Oklahoma has been experiencing some seismic activity normally associated with other parts of the country and the world. One of them, registered at a 5.1 magnitude, was felt in four states besides Oklahoma earlier this month. The epicenter was determined to be near Prague. Others last month, registering 4.4, were centered in Edmonton.
Unlike in other areas that experience earthquakes, an immediate question was whether the recent quakes were caused by oil and gas activity in the area – particularly because many of them haven’t been too far below the ground. The Oklahoma Corporation Commission (OCC), however, ruled that out – at least for the January quakes.

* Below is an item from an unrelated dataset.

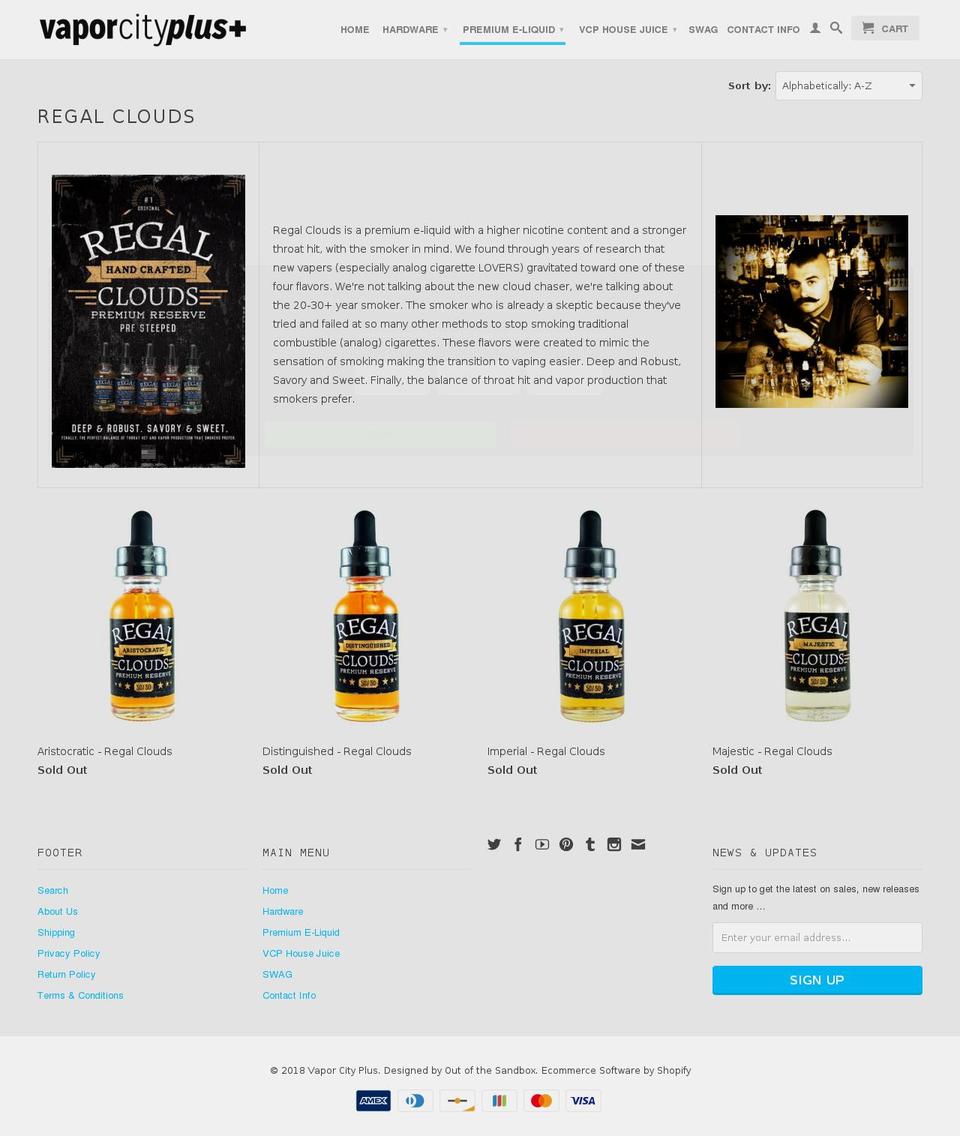 regalclouds.com — Shopify storefront screenshot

A spokesman for the OCC said that they found “no evidence” of a connection and said that there has been “no drilling or wastewater disposal in the area for years.” In 2016, Oklahoma had more than 900 earthquakes that were attributed to oil and gas industry activity – specifically to wastewater disposal wells that send water into the Arbuckle formation
After the 5.1 quake early this month, the OCC shut down some oil and gas wastewater disposal wells. This was to help avoid sudden changes in pressure that could trigger more seismic activity. The OCC said to expect further action in the near future. The fault line where this quake occurred experienced a 5.7 magnitude quake in 2011 that caused injuries and serious damage to homes and other property.
What the OCC has to say
While a lot has changed since that quake over a dozen years ago, it’s critical for oil and gas companies to be aware of the continued potential for liability. Companies have been held liable in the past for injuries and damages caused by earthquakes determined to have resulted from oil and gas activity. Having sound legal guidance before you’re facing litigation is crucial.